He ultimately appeared in seven September games as a pinch-hitter and pinch-runner, then began another winter of workouts, which ended in a Palm Springs gym on New Year’s Eve. This time, Burleson dislocated the right shoulder lifting weights. That injury was serious enough in itself, but it also caused a pinched nerve that diminished the strength and feeling in his right hand.

For the first time, Burleson said, he felt as if he might truly be finished. He missed all of the ’85 season, did some color commentary for a cable television network, began to throw hard again in mid-November and joined the group working out regularly at Santa Ana in January.

Said Hoffman, who replaced Burleson as the Boston shortstop when Burleson was traded to the Angels: “You can’t believe how far he’s come in the last two months. I’m convinced now that he’ll be back. If heart alone was the key, there’d be no doubt about it.”

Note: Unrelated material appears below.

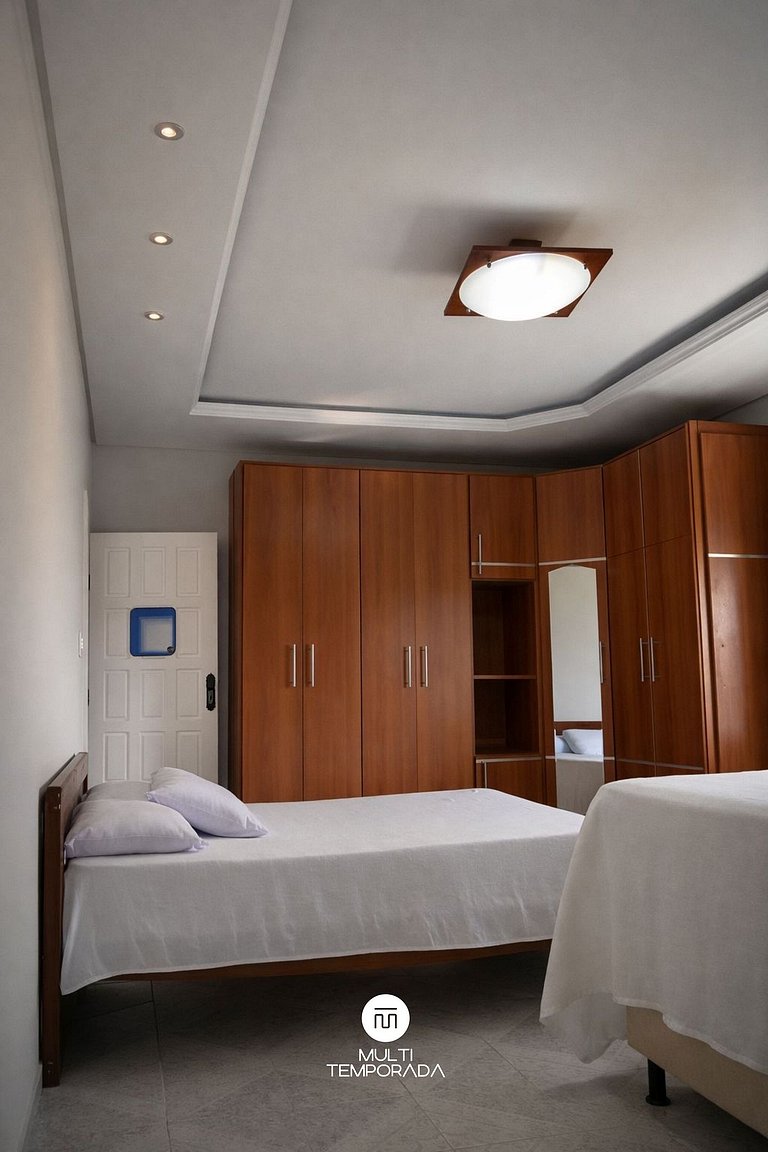 Casa Sol do Village Na Praia - Porto Seguro/BA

Burleson said that his hand is about 96% and that his shoulder is also in the 90s. He said that he no longer has the feeling of a washcloth being twisted in the shoulder and no longer is concerned about his ability to play a succession of games.

“I may have lost a slight amount of velocity and endurance but I’ve built it up to a point where it’ll be fine,” he said. “I’m throwing as well as a lot of guys, even a high percentage of shortstops.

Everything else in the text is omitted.